My mother has dementia. She stays with me sometimes when my dad needs a break. I cannot sleep in the same room with her because of the noises she makes at night. I cannot sleep too far from her because she wakes up screaming for my father sometimes during the night and needs soothing. I sleep on the floor a room away in my Big Agnes sleeping bag. And my sweet musician grabs his bag from Big Agnes as well, zips us together, and sleeps on the floor next to me.

Monday, March 1, 2010

Return of the musicians

Mom and I travelled back to Seattle yesterday by plane and my musician came home later in the evening. I sleep near Mom to be nearby when she cries out from her sleep, anxious and frightened about my father's whereabouts. She tells me she is afraid he won't come back whenever he is gone. She would truly be lost without him.

My father traveled two days by car with my sister to come back. 88 years old, he slowly climbed the stairs into the house this evening at 7:55. She had fallen asleep in her wheelchair by the door waiting for him. He kissed her and smiled at her and then went to get the cat out of the car too.

Then our musicians sat by each other at the piano and played and sang until Dad nearly fell off the chair asleep. There is another story there, but that is for another time.

Saturday, February 27, 2010

Far Away

I am with my parents in the southern California desert and he is in Portland with his father and stepmom.
I am here for the sunshine and hot springs, but also because my mother has dementia and my parents need to go home from their snowbirding a month early because my father is (finally) having trouble caring for her on his own.
He is seeing his father and stepmom's new house for the first time and says it is lovely, but stepmom's allergies are not improved. I know his father and he will play music late into the night tonight -- they always do.
4 days without hearing his music... where is that rainbow?

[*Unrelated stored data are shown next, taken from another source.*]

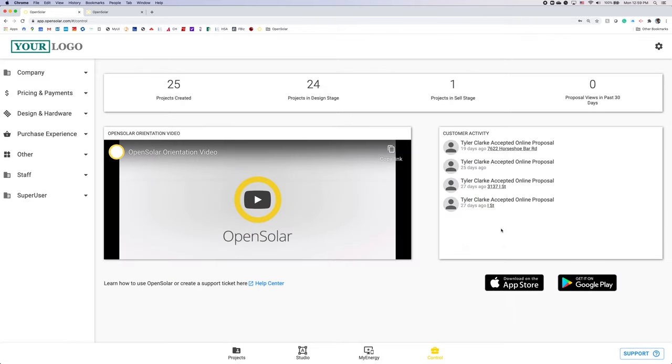That's a wrap for this demo. All of us here at open solar are thrilled to have you on our toolkit. Have a great day.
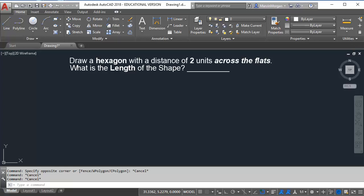In this video I'm going to explain how to draw a hexagon with a distance of two units across the flats. After we draw the hexagon I'm going to calculate the length of the shape.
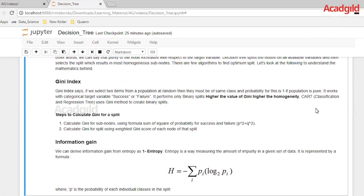Let's go through the steps to calculate Gini for a split. The first step is to calculate the Gini for subnodes using the formula: sum of squares of probability for success and failure, where p represents the probability for success and q represents the probability for failure. The second step is to calculate the Gini for a split using the weighted Gini score of each node of that split. Weights are given to the different attributes used to make the split depending upon their relevance.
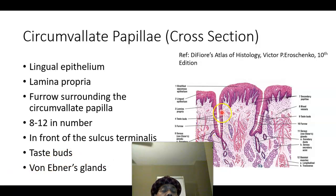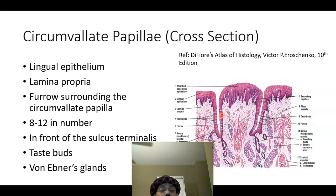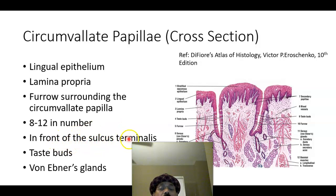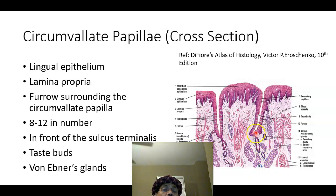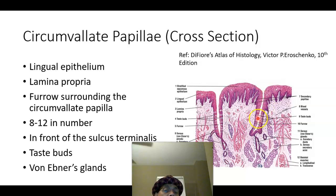Taste buds are present not only on the tongue — they are also present in the soft palate, the epiglottis, and even the upper one-third of the esophagus. We have 8 to 12 circumvallate papillae present in front of the sulcus terminalis, with numerous taste buds. There are glands in the lamina propria, and the gland duct opens at the base of the furrow of the circumvallate papillae. This is a serous secretion from the von Ebner's gland that dissolves food and keeps food in contact with the taste buds, and also washes out the food.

Wednesday, February 24, 2010

Morning commute

Sometimes his music speaks louder than words.

We commute together to our places of work. For the most part we drive to his work and I take a bus from there to my workplace downtown. When he is ready in the morning and I am not, the tension starts to rise (any couple that has ever gone anywhere on a timeline together know this feeling). and then...

he plays the piano. Sometimes something soft and soothing, other times with a beat inspiring a fast pace. This week it was "Over the Rainbow". I had to tell him that I felt like we'd made it over the rainbow and are safely together on the other side.